I began to teach poetry in conjunction with popular songs. Although my students in rural South Carolina were overwhelmingly country music fans, I focused my nine weeks of poetry on the songs of alternative group R.E.M. At first, that too elicited moans from students in those early days of exploring poetry (see that unit on the blog “There’s time to teach”).

Concurrently, throughout my high school teaching career, students would gather in my room during our long mid-morning break and lunch (much to the chagrin of administration). And almost always, we played music, even closing the door so two of my students could dance and sing and laugh along with the Violent Femmes.

Many of those students are in their 30s and 40s, but it is common for them to contact me—often on Facebook—and recall fondly R.E.M. and our poetry unit. Those days meant something to them that lingers, that matters in ways that cannot be measured. It was an oasis of happiness in their lives at school.

***

e.e. cummings begins “since feeling is first,” and then adds:

my blood approves,
and kisses are better fate
than wisdom
lady i swear by all flowers.

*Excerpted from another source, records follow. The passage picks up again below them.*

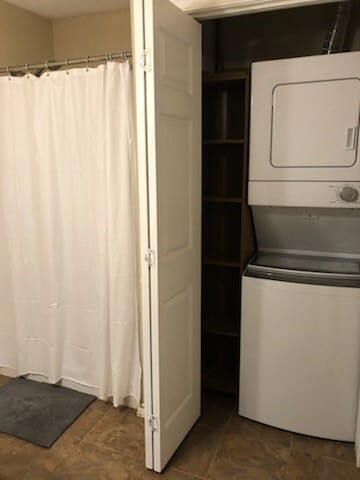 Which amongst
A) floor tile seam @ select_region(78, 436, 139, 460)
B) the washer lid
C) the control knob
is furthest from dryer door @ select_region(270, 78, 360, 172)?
floor tile seam @ select_region(78, 436, 139, 460)

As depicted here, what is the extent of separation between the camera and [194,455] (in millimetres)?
1996

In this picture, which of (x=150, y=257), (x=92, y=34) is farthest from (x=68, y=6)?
(x=150, y=257)

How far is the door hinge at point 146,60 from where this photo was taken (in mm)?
1487

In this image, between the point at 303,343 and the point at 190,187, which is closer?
the point at 190,187

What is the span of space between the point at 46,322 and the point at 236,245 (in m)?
1.30

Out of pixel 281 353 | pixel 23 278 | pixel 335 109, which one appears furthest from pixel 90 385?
pixel 335 109

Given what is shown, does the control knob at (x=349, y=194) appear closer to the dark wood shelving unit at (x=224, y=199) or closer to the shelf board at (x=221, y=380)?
the dark wood shelving unit at (x=224, y=199)

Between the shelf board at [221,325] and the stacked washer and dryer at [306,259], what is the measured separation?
0.21 metres

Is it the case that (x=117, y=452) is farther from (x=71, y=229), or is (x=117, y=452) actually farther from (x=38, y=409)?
(x=71, y=229)

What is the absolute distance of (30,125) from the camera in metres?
2.31

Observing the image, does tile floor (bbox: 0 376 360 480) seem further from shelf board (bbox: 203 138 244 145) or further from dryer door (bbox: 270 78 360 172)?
shelf board (bbox: 203 138 244 145)

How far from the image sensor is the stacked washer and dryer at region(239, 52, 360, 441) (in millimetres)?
1872

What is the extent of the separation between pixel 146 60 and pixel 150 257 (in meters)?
0.75

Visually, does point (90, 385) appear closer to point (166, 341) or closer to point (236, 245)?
point (166, 341) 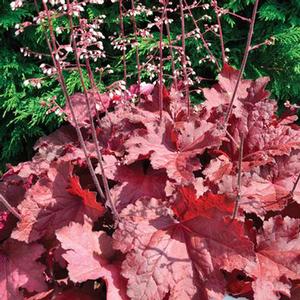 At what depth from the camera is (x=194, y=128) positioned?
2.08m

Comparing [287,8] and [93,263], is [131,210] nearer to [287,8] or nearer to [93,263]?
[93,263]

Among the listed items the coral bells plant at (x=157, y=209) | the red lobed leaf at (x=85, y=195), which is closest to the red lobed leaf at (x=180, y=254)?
the coral bells plant at (x=157, y=209)

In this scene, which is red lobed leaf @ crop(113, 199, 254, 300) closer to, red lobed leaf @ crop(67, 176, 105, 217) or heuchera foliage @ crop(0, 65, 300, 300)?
heuchera foliage @ crop(0, 65, 300, 300)

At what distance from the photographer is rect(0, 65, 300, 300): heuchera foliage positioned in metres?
1.70

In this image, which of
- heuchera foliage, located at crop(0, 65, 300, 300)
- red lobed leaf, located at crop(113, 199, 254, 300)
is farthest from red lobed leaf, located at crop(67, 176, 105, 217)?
red lobed leaf, located at crop(113, 199, 254, 300)

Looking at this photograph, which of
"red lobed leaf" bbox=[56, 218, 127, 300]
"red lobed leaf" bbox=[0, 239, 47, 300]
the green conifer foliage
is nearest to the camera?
"red lobed leaf" bbox=[56, 218, 127, 300]

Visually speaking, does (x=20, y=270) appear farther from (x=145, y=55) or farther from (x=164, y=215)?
(x=145, y=55)

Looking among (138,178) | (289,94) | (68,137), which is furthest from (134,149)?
(289,94)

Don’t cry
—the best gesture of my brain is less than
your eyelids’ flutter….

Each year when my students and I examined this poem, we would discuss that cummings—in Andrew Marvell fashion—offers an argument that is profoundly unlike what parents, teachers, preachers, and politicians claim.

I often paired this poem with Coldplay’s “The Scientist,” focusing on:

I was just guessing at numbers and figures
Pulling your puzzles apart
Questions of science, science and progress
Do not speak as loud as my heart

Especially for teenagers, this question, this tension between heart and mind, mattered. Just as it recurs in the words of poets and musicians over decades, centuries. Poetry, as with all art, is the expressed heart—that quest to rise above our corporeal humanness:

               Bold Lover, never, never canst thou kiss,
Though winning near the goal yet, do not grieve;
       She cannot fade, though thou hast not thy bliss,
               For ever wilt thou love, and she be fair!
                                           ( Ode on a Grecian Urn,” John Keats)

***

I have loved a few people intensely—so deeply that my love, I believe, resides permanently in my bones. One such love is my daughter, and she now carries the next human who will add to that ache of being fully human—loving another beyond words.

And that is poetry.

Poetry is not identifying iambic pentameter on a poetry test or discussing the nuances of enjambment in an analysis of a Dickinson poem.

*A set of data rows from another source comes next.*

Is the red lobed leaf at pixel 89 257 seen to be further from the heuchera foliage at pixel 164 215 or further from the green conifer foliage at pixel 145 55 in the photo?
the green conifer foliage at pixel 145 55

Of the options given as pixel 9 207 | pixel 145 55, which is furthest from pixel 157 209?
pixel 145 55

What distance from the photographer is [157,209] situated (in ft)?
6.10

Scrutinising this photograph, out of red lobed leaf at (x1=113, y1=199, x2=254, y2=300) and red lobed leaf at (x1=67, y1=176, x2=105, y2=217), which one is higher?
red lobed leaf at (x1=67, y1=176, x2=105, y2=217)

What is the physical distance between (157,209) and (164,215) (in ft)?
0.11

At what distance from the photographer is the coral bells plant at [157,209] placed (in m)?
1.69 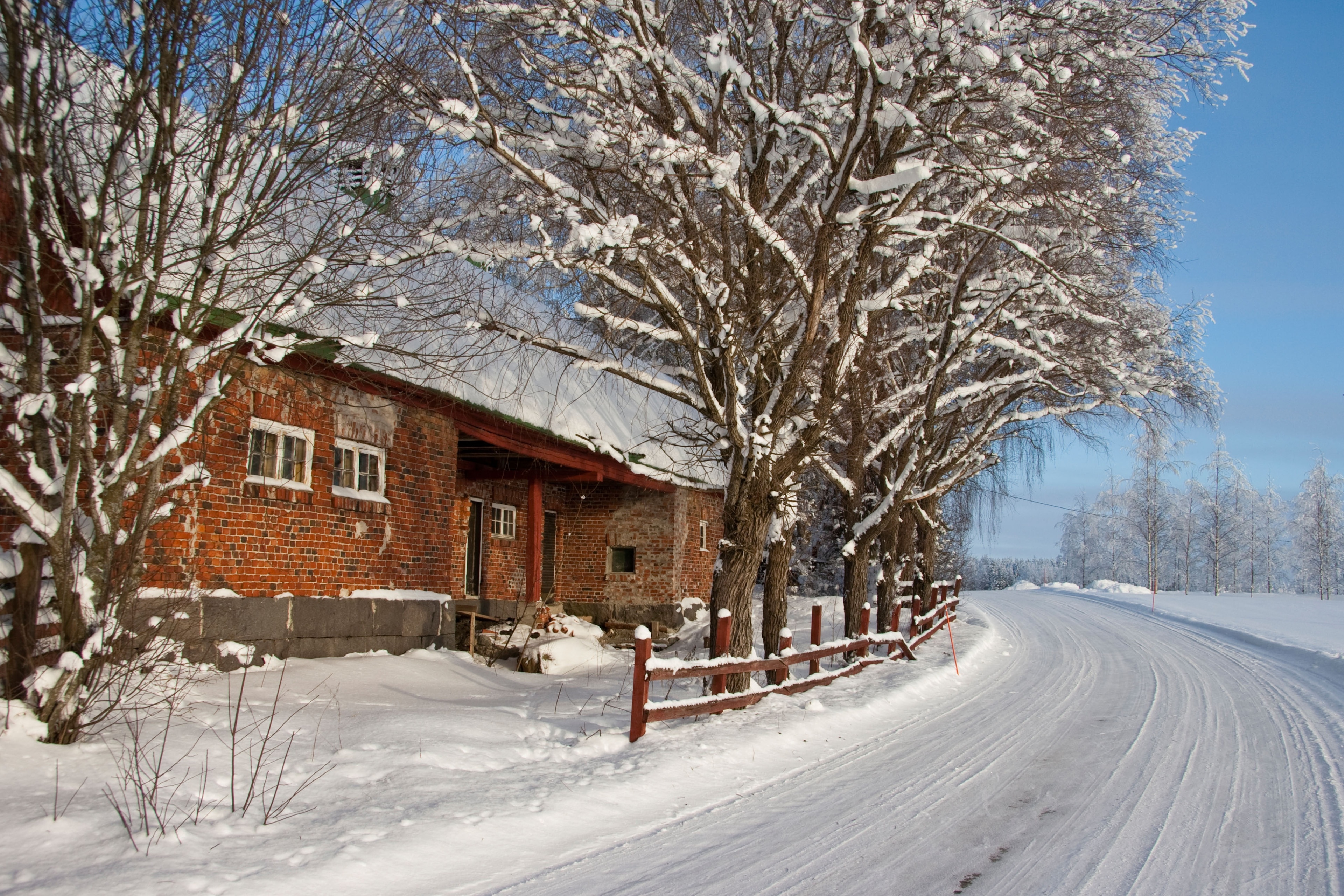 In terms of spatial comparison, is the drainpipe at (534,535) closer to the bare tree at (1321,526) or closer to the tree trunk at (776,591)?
the tree trunk at (776,591)

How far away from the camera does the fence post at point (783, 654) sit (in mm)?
9414

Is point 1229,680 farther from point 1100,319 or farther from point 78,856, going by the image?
point 78,856

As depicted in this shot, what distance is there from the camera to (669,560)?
18.2 metres

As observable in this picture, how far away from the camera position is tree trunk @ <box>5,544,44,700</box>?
5.16 metres

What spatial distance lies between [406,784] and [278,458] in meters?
5.44

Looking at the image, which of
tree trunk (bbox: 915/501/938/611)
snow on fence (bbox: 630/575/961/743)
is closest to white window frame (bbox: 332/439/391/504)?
snow on fence (bbox: 630/575/961/743)

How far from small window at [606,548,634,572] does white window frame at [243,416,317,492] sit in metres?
9.34

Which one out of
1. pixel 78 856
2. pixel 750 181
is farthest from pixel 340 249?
pixel 750 181

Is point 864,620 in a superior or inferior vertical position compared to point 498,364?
inferior

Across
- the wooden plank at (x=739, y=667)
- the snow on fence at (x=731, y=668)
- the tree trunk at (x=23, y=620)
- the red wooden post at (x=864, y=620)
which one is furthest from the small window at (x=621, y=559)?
the tree trunk at (x=23, y=620)

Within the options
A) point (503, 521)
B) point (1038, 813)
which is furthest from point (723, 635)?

Poems are not fodder for close reading.

Poetry is the ineluctable “Oh my heart” that comes from living fully in the moment, the moment that draws us to words as well as inspires us toward words.

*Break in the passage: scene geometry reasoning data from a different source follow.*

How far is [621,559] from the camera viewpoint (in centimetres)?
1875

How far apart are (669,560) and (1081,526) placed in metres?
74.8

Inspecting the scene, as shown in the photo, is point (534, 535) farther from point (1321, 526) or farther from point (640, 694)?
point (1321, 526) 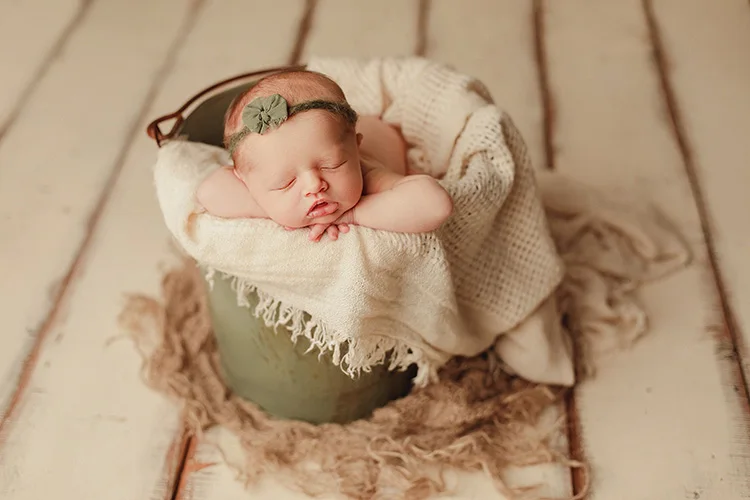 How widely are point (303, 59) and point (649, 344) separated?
94 cm

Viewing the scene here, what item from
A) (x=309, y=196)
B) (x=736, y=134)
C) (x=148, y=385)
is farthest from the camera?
(x=736, y=134)

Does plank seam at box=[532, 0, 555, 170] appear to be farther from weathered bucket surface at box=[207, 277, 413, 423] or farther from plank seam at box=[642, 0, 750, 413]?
weathered bucket surface at box=[207, 277, 413, 423]

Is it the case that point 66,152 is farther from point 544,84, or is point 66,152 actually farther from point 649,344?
point 649,344

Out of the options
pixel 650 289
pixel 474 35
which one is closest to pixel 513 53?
pixel 474 35

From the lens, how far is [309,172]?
0.81 meters

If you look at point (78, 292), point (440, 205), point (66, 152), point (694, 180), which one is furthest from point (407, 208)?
point (66, 152)

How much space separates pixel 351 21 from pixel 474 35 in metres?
0.28

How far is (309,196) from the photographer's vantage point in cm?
81

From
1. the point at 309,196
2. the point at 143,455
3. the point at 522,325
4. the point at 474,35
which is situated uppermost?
the point at 309,196

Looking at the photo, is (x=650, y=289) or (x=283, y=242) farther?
(x=650, y=289)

We read a poem, we listen to a song, and our hearts rise out of our eyes as tears.

That is poetry.

Like the picture books of our childhood, poetry must be a part of our learning, essential to our school days—each poem an oasis of happiness that “machines will never be able to measure.”

***

Will we wake one morning to find the carcasses of poems washed up on the beach by the tsunami of the Common Core?